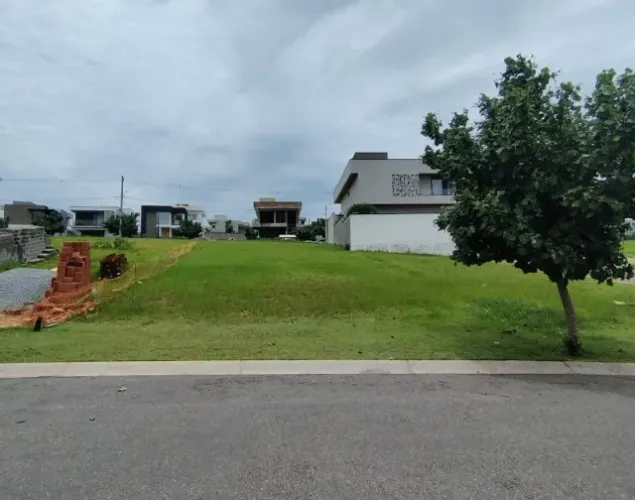 Oportunidade Terreno Condomínio Cyrella metragem de 300 m2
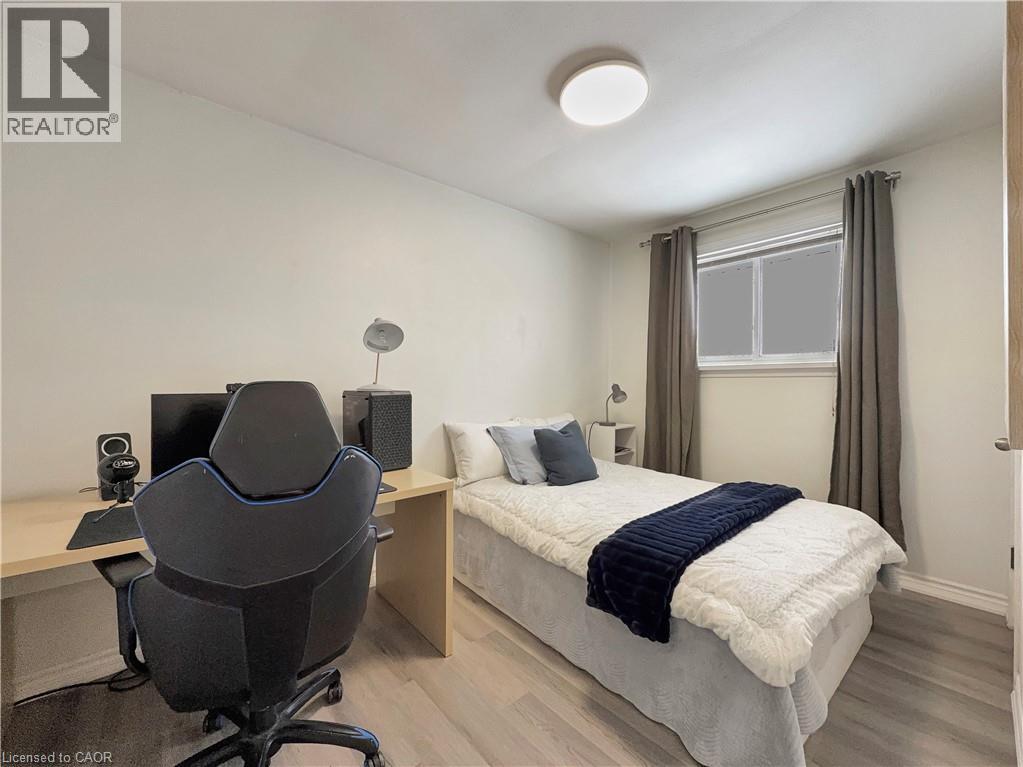 238 Kent Crescent, Burlington, Ontario L7L 4T1 - Photo 14 - 40788285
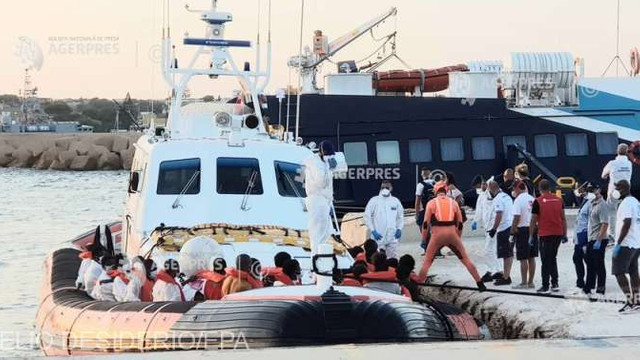 Circa 450 de migranți au debarcat pe insula italiană Lampedusa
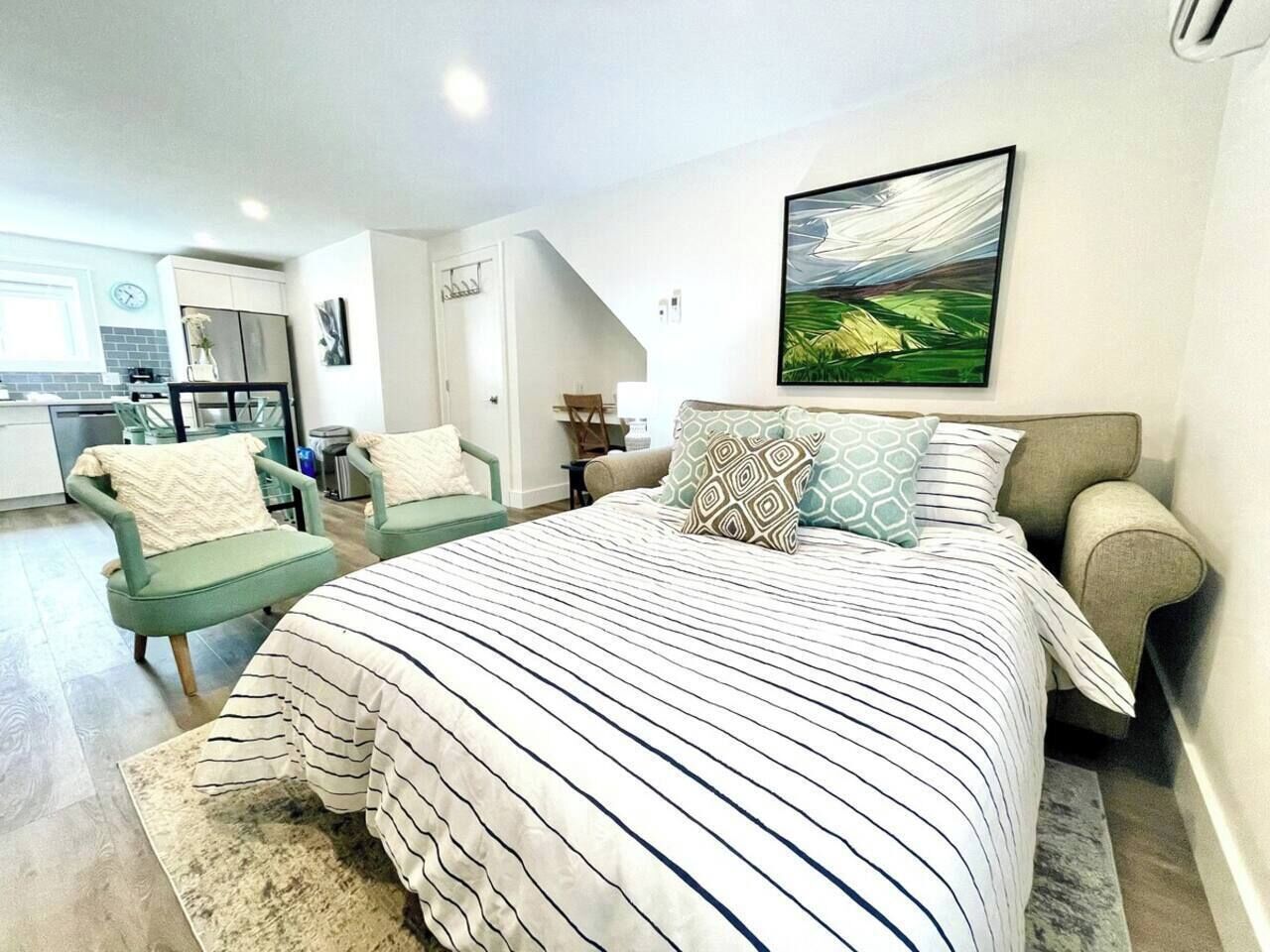 1 bedroom, desk, iron/ironing board, WiFi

+ + + + + + +

__REQUIRED ACTION__
Print every line of the data exactly. Pictures do not belong in the copy.

__ANSWER BOX__
 Oportunidade Terreno Condomínio Cyrella metragem de 300 m2
 238 Kent Crescent, Burlington, Ontario L7L 4T1 - Photo 14 - 40788285
 Circa 450 de migranți au debarcat pe insula italiană Lampedusa
 1 bedroom, desk, iron/ironing board, WiFi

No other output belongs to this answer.